- EXERCISE
Leaving the pictures aside, repeat the entries exactly.

SUPPLIED MATERIAL Start Marker

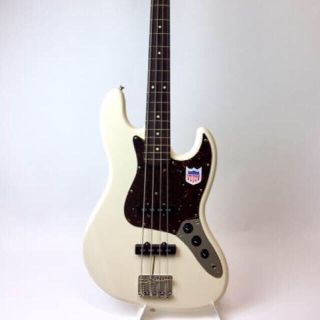 フェンダー(Fender)のFender Classic 60s Jazz Bass US PUPS VWH(エレキベース)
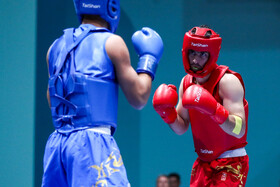 بازی‌های کشورهای اسلامی ۲۰۲۵ ریاض - رقابت‌های ووشو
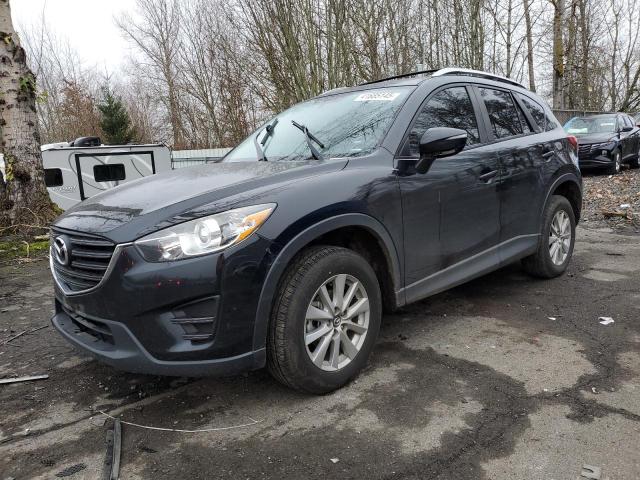 mazda cx-5 sport 2016 jm3ke4by4g0814707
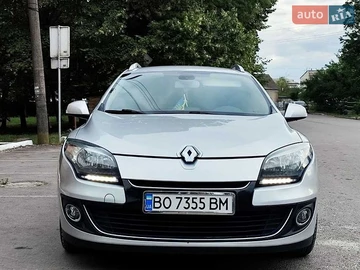 Авто Renault Megane 2013 № 8914657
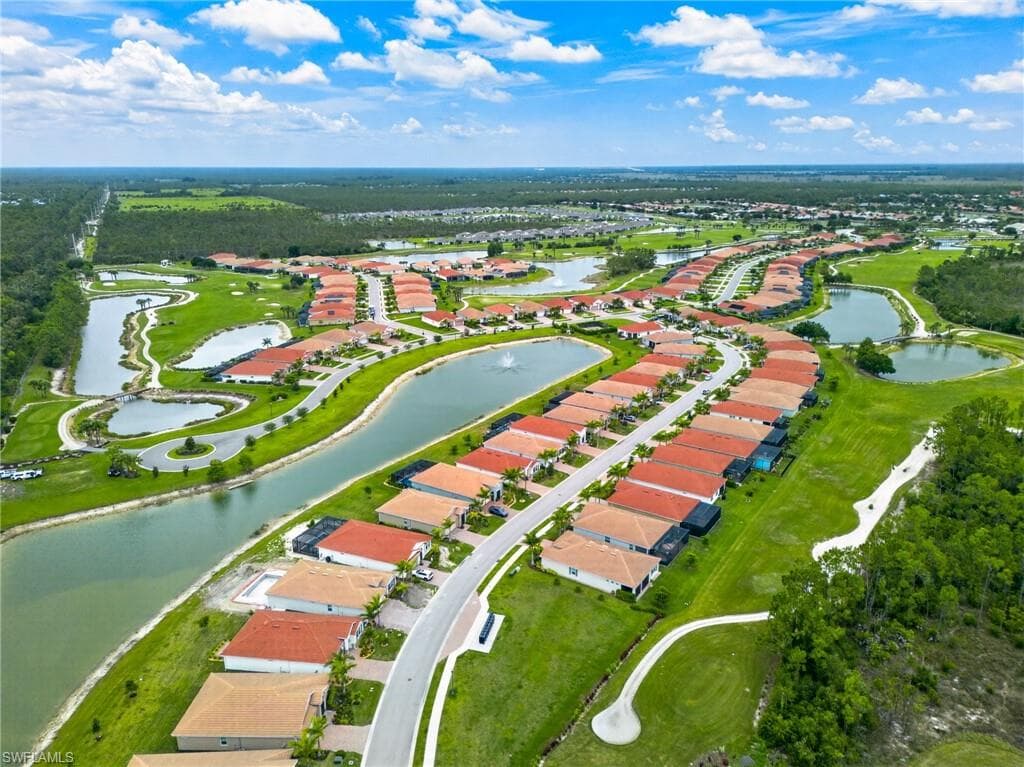 Street location of residence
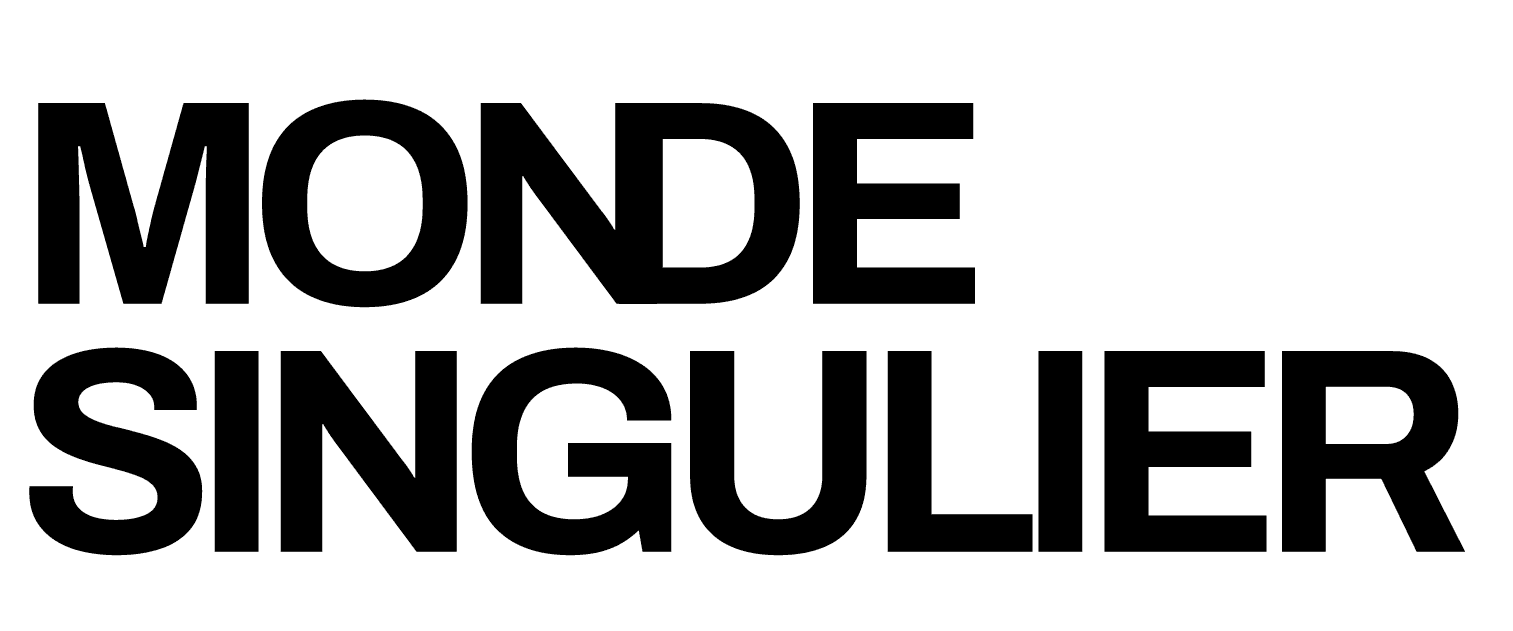 Monde Singulier logo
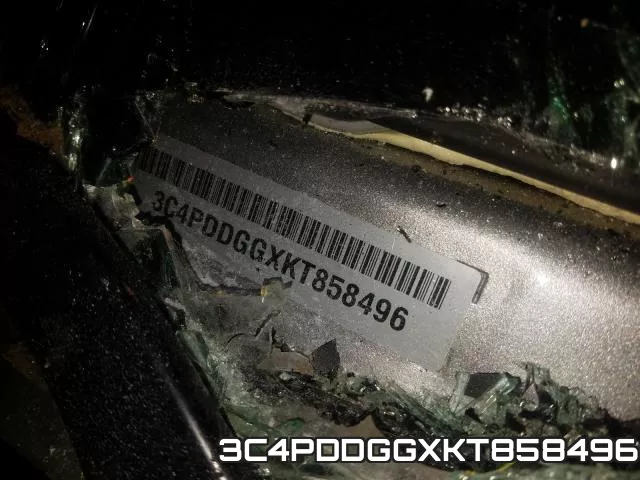 3C4PDDGGXKT858496 фото 2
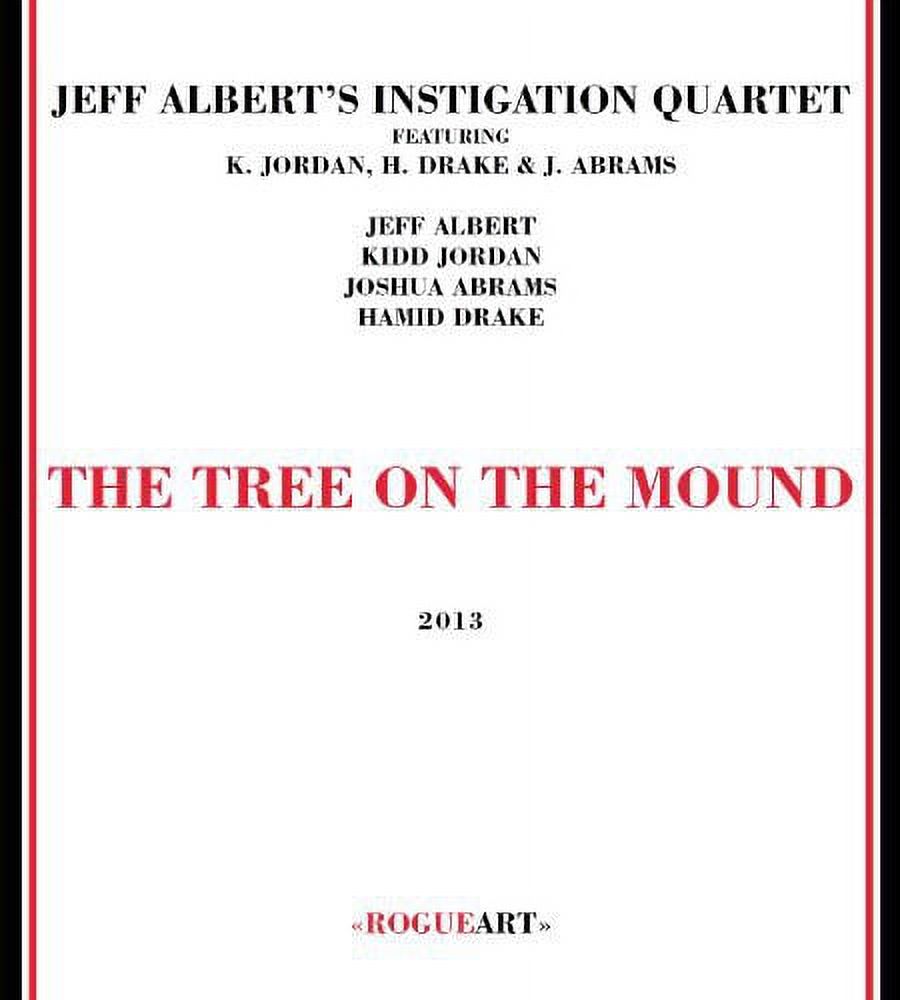 Instigation Quartet-The Three on the Mound (CD)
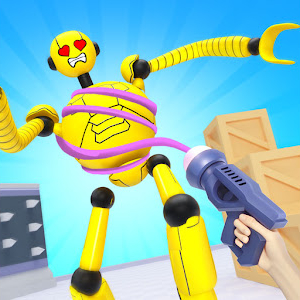 Robot Invasion cover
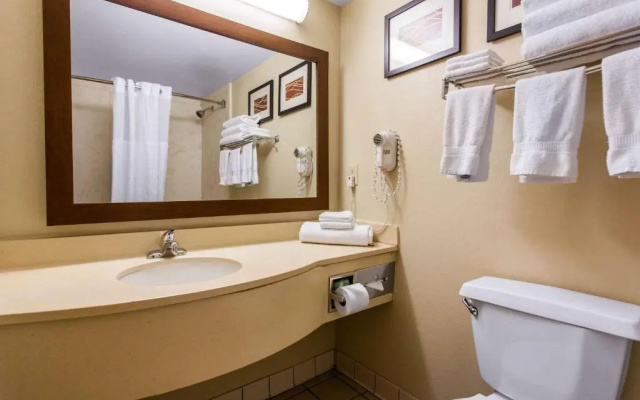 Standard Double Suite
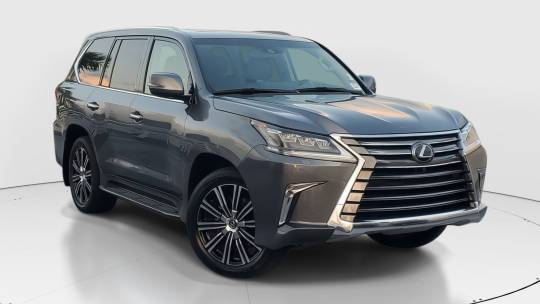 2019 Lexus LX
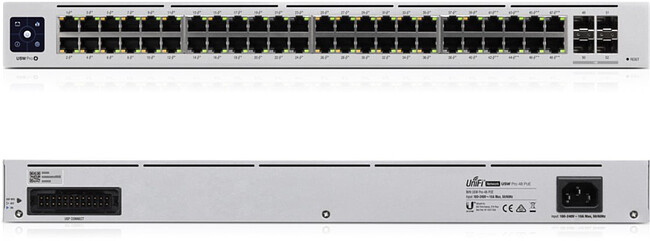 Коммутатор Ubiquiti USW-48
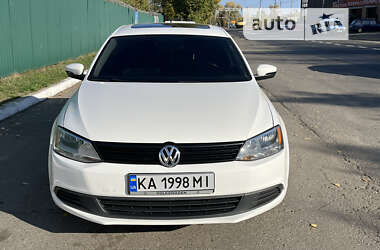 Седан Volkswagen Jetta 2012 в Киеве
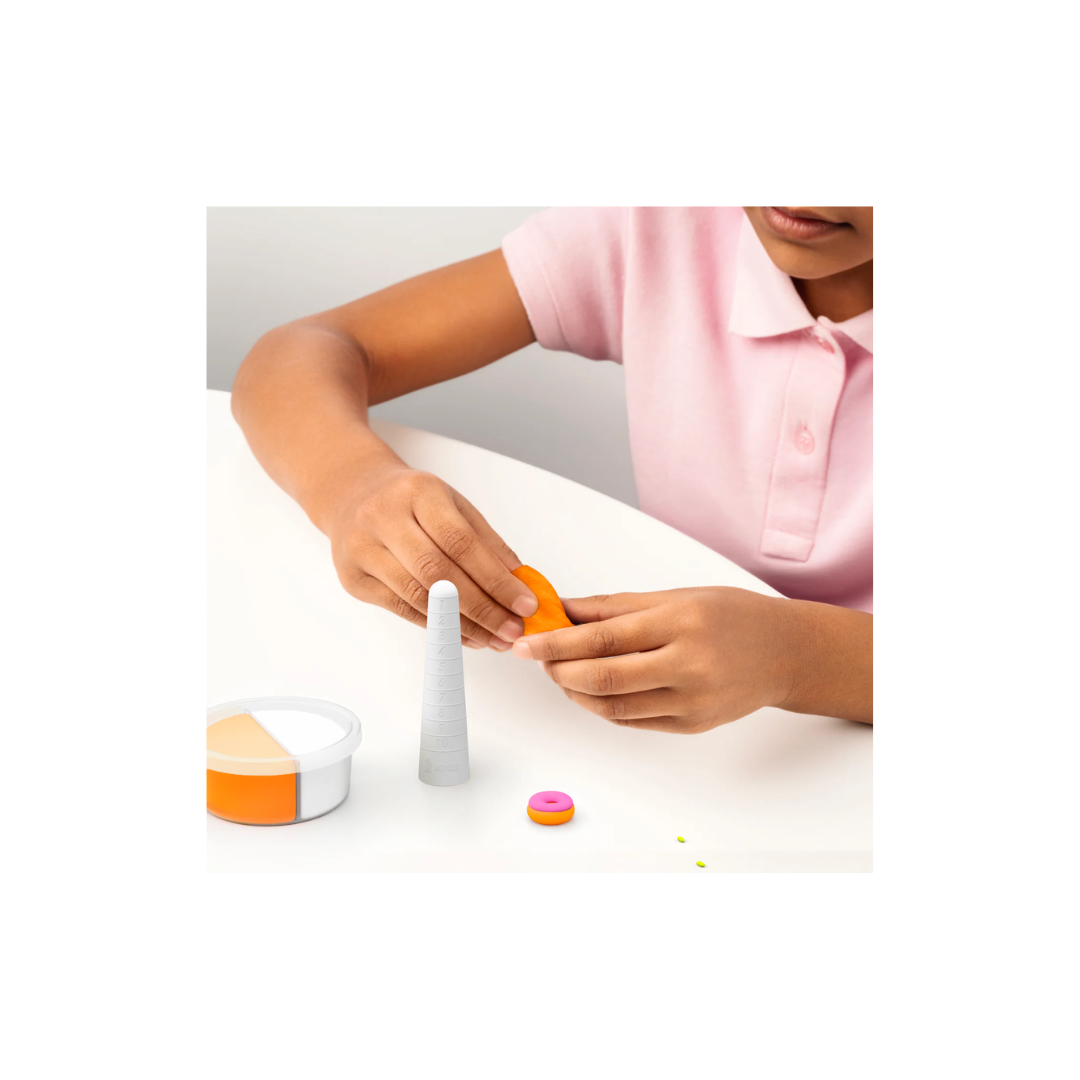 heyclay – bijoux snoepjes – 3 potjes heyclay – bijoux snoepjes – 3 potjes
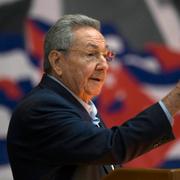 Raul Castro 2016.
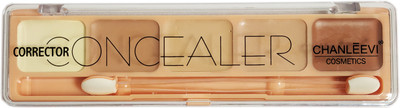 

Chanleevi Makeup Collection Corrector Concealer(multicolor)
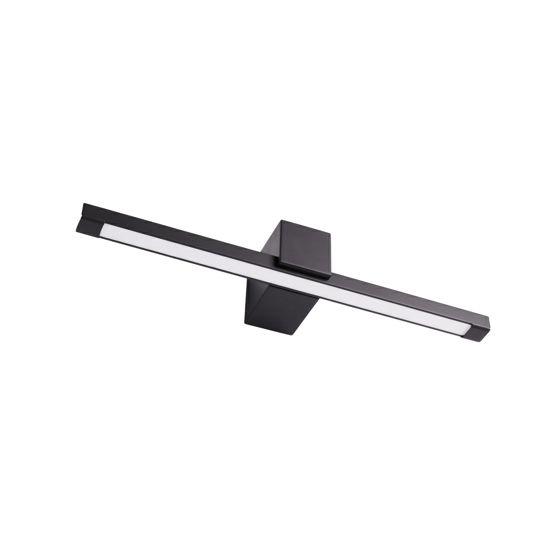 TOOLIGHT vägglampa SWE049-1W 40cm LED Svart 40x10x5cm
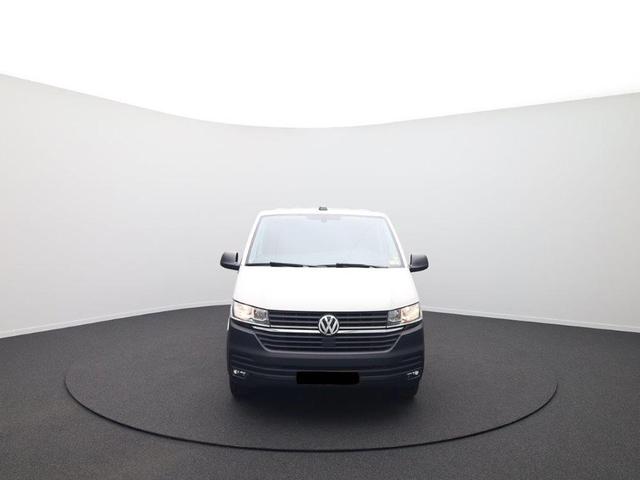 Volkswagen Transporter 6.1 Kastenwagen L2 2.0 TDi 110PS Langer Radstand 2-Sitzer Navi Klima Apple CarPlay Android Auto Touchscreen Bluetooth Ganzj.Reifen PDC AHK 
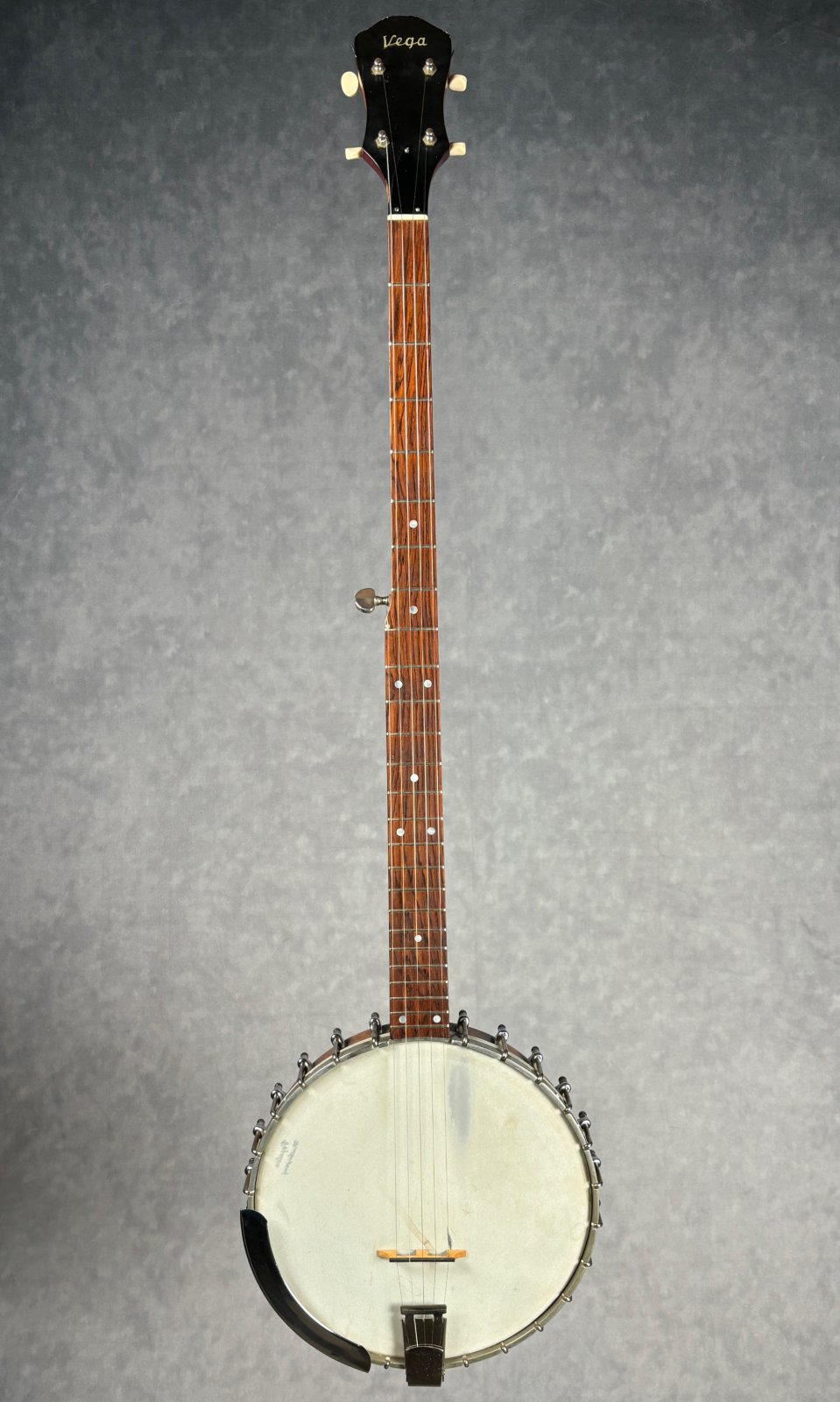 1964 Vega SS-5 Folklore Long Neck 5 String Banjo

SUPPLIED MATERIAL End Marker

- ANSWER TO THE PROBLEM
 フェンダー(Fender)のFender Classic 60s Jazz Bass US PUPS VWH(エレキベース)
 بازی‌های کشورهای اسلامی ۲۰۲۵ ریاض - رقابت‌های ووشو
 mazda cx-5 sport 2016 jm3ke4by4g0814707
 Авто Renault Megane 2013 № 8914657
 Street location of residence
 Monde Singulier logo
 3C4PDDGGXKT858496 фото 2
 Instigation Quartet-The Three on the Mound (CD)
 Robot Invasion cover
 Standard Double Suite
 2019 Lexus LX
 Коммутатор Ubiquiti USW-48
 Седан Volkswagen Jetta 2012 в Киеве
 heyclay – bijoux snoepjes – 3 potjes heyclay – bijoux snoepjes – 3 potjes
 Raul Castro 2016.

Chanleevi Makeup Collection Corrector Concealer(multicolor)
 TOOLIGHT vägglampa SWE049-1W 40cm LED Svart 40x10x5cm
 Volkswagen Transporter 6.1 Kastenwagen L2 2.0 TDi 110PS Langer Radstand 2-Sitzer Navi Klima Apple CarPlay Android Auto Touchscreen Bluetooth Ganzj.Reifen PDC AHK 
 1964 Vega SS-5 Folklore Long Neck 5 String Banjo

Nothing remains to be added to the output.